Beynon also noted that events and conventions in Las Vegas, room rates and overall revenues are very healthy and will be supported by additional catalysts in the latter part of the year. As the second-largest operator on the Las Vegas Strip and one of the dominant casino names in the Reno-Lake Tahoe and Laughlin markets, Caesars is highly exposed to the vibrancy of the Nevada gaming market.
Century Casinos, a smaller regional operator, recently acquired the Nugget Sparks which marks their first venture into Nevada and is expected to generate long-term EBITDA growth. Furthermore, the company may explore more mergers and acquisitions, including those in Las Vegas.

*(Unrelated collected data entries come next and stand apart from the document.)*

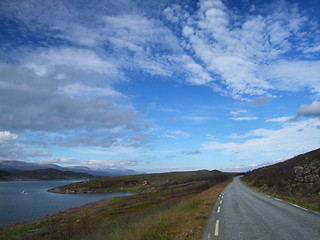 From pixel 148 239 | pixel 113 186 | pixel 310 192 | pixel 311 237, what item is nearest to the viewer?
pixel 311 237

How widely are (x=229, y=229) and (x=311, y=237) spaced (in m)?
3.59

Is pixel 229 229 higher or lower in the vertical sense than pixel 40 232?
higher

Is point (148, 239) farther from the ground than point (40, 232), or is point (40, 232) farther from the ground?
point (148, 239)

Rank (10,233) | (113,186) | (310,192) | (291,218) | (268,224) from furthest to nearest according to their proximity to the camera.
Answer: (113,186) < (10,233) < (310,192) < (291,218) < (268,224)

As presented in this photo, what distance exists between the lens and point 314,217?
13.1 m

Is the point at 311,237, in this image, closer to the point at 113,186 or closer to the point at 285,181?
the point at 285,181

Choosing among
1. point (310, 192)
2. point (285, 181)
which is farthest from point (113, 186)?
point (310, 192)

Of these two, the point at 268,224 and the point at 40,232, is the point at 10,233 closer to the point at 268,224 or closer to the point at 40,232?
the point at 40,232

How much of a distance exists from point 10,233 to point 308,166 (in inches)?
1809

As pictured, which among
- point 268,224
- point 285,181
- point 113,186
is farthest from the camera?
point 113,186

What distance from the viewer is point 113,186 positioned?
13350 cm

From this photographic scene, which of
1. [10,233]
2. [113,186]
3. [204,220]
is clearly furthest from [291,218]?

Bally’s (NYSE: BALY) could be a good casino equity redemption story, according to Macquarie. This is based on their upcoming debut of a temporary gaming venue in Chicago which will eventually be replaced by a permanent venue, their most expensive to date. Despite the $1.7 billion price tag associated with the project, Bally’s has several ways to raise the necessary capital, including debt, equity, cash, and proceeds from a sale-leaseback with Lincoln. Additionally, Atlantic City is seeing improved hold back and the business has been EBITDA-positive in February, even in the off-season.